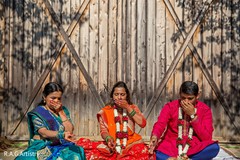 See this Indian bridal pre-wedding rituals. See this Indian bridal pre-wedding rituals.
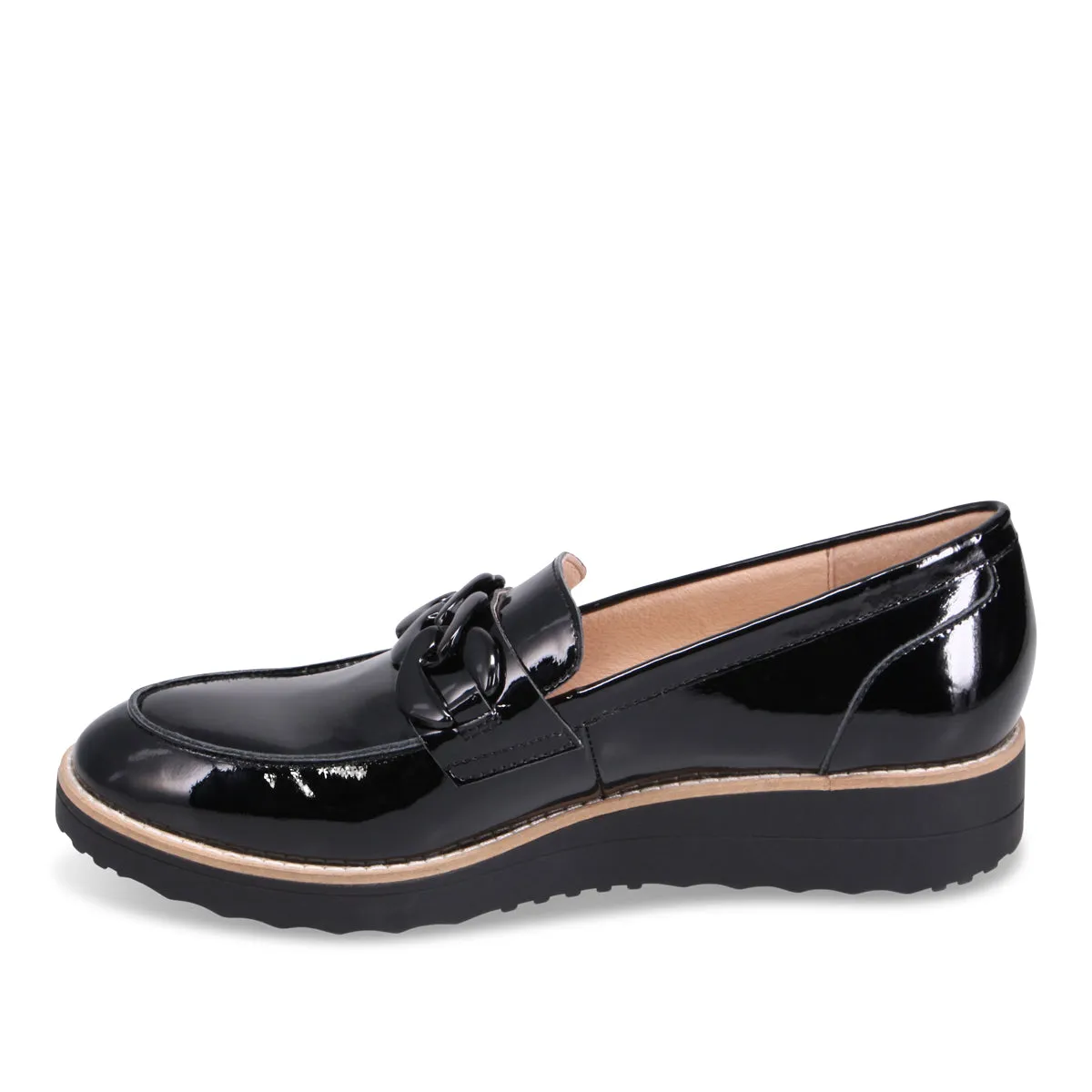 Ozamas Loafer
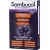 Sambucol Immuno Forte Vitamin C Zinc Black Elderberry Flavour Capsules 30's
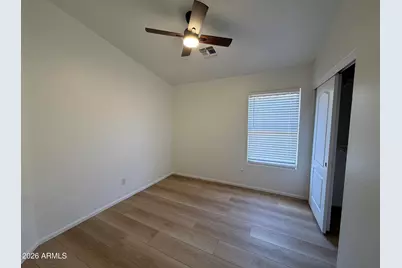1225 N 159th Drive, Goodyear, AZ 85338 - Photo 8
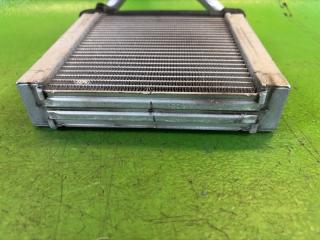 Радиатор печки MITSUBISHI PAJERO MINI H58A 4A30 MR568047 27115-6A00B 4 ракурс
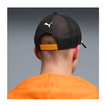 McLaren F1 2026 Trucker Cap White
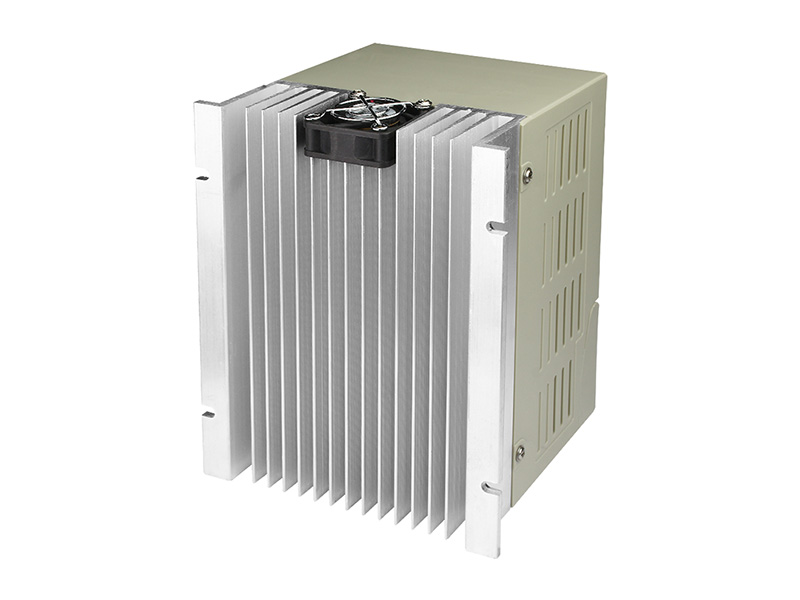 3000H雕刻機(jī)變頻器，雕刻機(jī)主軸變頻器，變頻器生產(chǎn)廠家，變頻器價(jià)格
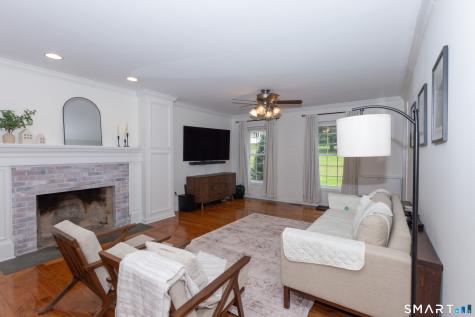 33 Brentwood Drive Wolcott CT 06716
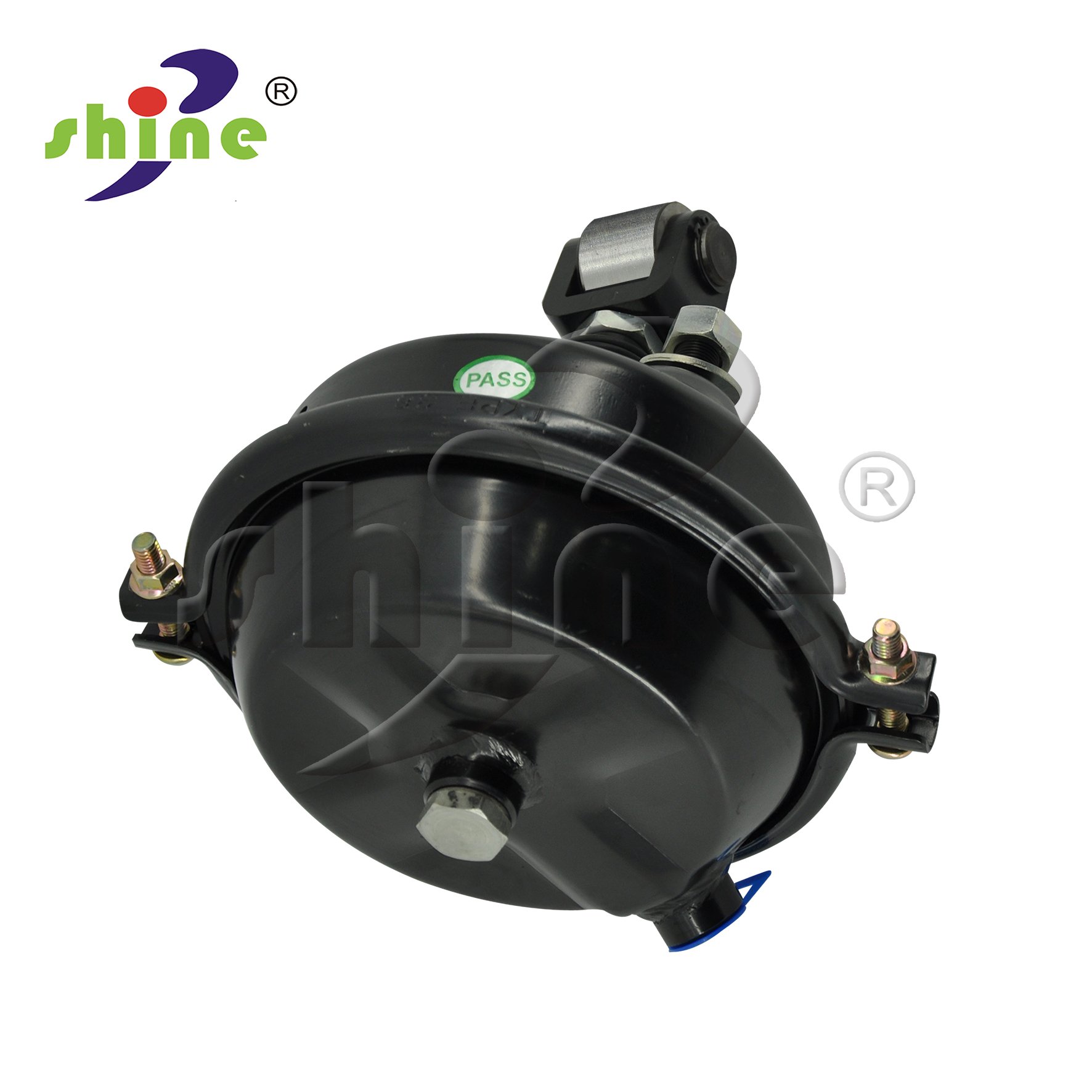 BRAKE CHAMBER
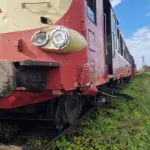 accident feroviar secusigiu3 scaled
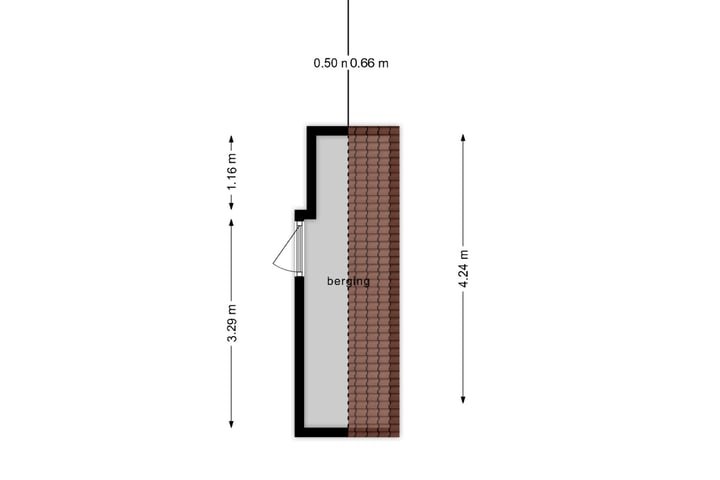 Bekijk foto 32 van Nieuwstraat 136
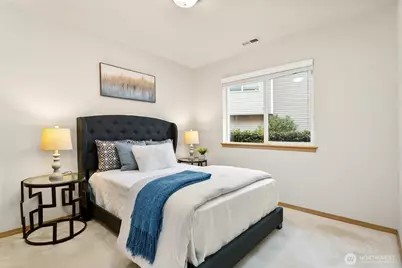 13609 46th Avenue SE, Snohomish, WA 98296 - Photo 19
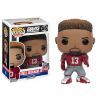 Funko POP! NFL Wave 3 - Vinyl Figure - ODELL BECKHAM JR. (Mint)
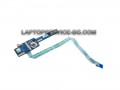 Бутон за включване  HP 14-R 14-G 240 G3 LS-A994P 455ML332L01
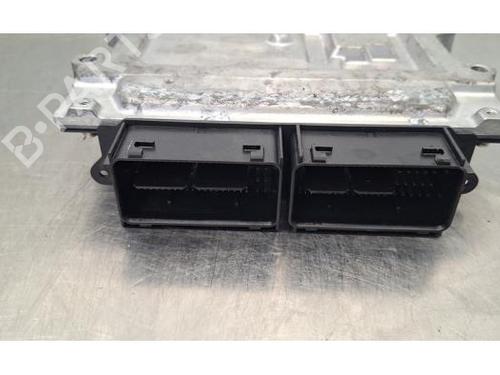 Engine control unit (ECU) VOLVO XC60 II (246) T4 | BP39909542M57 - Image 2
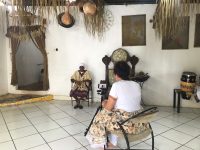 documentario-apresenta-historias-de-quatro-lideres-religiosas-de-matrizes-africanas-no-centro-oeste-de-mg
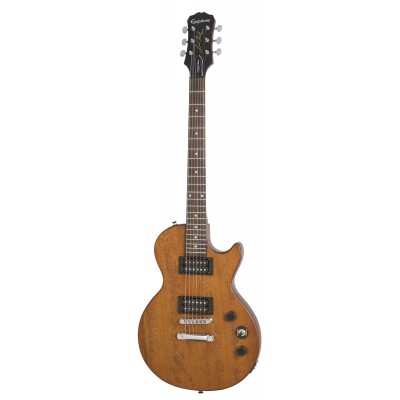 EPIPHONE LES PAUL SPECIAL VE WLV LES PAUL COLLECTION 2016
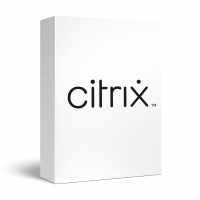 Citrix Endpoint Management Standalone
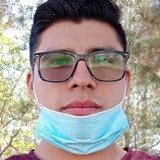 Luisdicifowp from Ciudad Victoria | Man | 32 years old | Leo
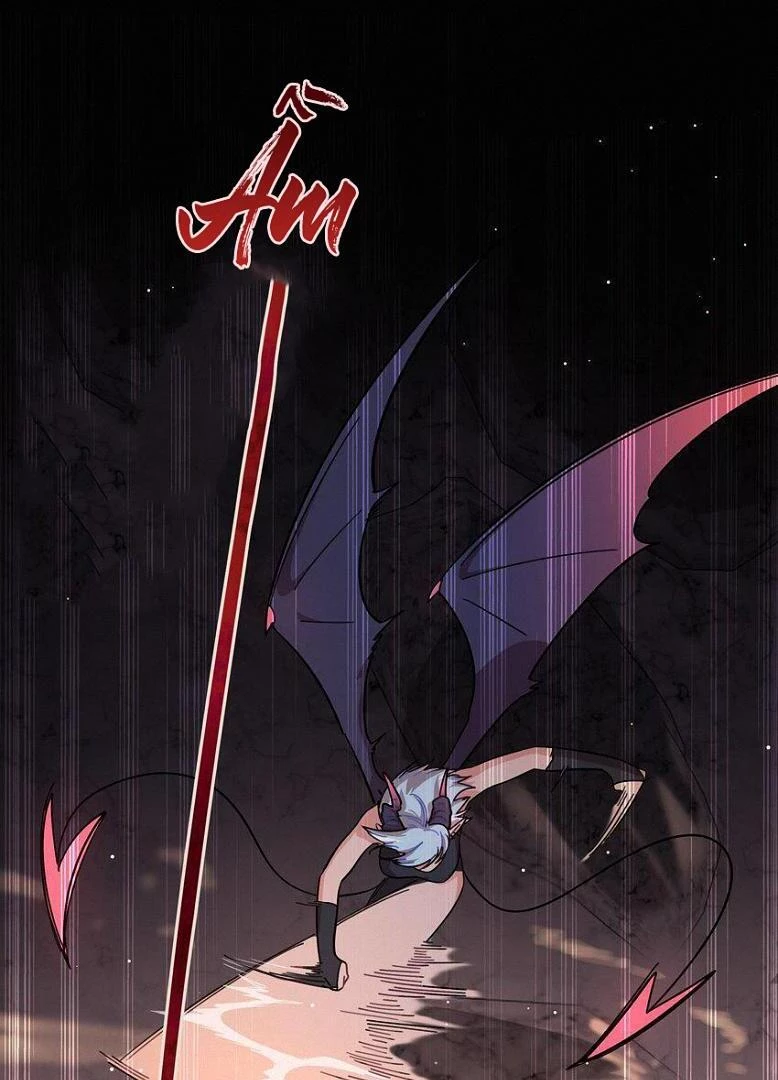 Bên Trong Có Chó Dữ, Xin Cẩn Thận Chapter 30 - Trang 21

* Exercise instructions *
Beginning with the first line of the records, write out every line up to and including the one with "Citrix Endpoint Management Standalone", exactly, and omit all pictures.

* Answer for the task *
 See this Indian bridal pre-wedding rituals. See this Indian bridal pre-wedding rituals.
 Ozamas Loafer
 Sambucol Immuno Forte Vitamin C Zinc Black Elderberry Flavour Capsules 30's
1225 N 159th Drive, Goodyear, AZ 85338 - Photo 8
 Радиатор печки MITSUBISHI PAJERO MINI H58A 4A30 MR568047 27115-6A00B 4 ракурс
 McLaren F1 2026 Trucker Cap White
 3000H雕刻機(jī)變頻器，雕刻機(jī)主軸變頻器，變頻器生產(chǎn)廠家，變頻器價(jià)格
 33 Brentwood Drive Wolcott CT 06716
 BRAKE CHAMBER
 accident feroviar secusigiu3 scaled
 Bekijk foto 32 van Nieuwstraat 136
 13609 46th Avenue SE, Snohomish, WA 98296 - Photo 19
 Funko POP! NFL Wave 3 - Vinyl Figure - ODELL BECKHAM JR. (Mint)
 Бутон за включване  HP 14-R 14-G 240 G3 LS-A994P 455ML332L01
 Engine control unit (ECU) VOLVO XC60 II (246) T4 | BP39909542M57 - Image 2
 documentario-apresenta-historias-de-quatro-lideres-religiosas-de-matrizes-africanas-no-centro-oeste-de-mg
 EPIPHONE LES PAUL SPECIAL VE WLV LES PAUL COLLECTION 2016
 Citrix Endpoint Management Standalone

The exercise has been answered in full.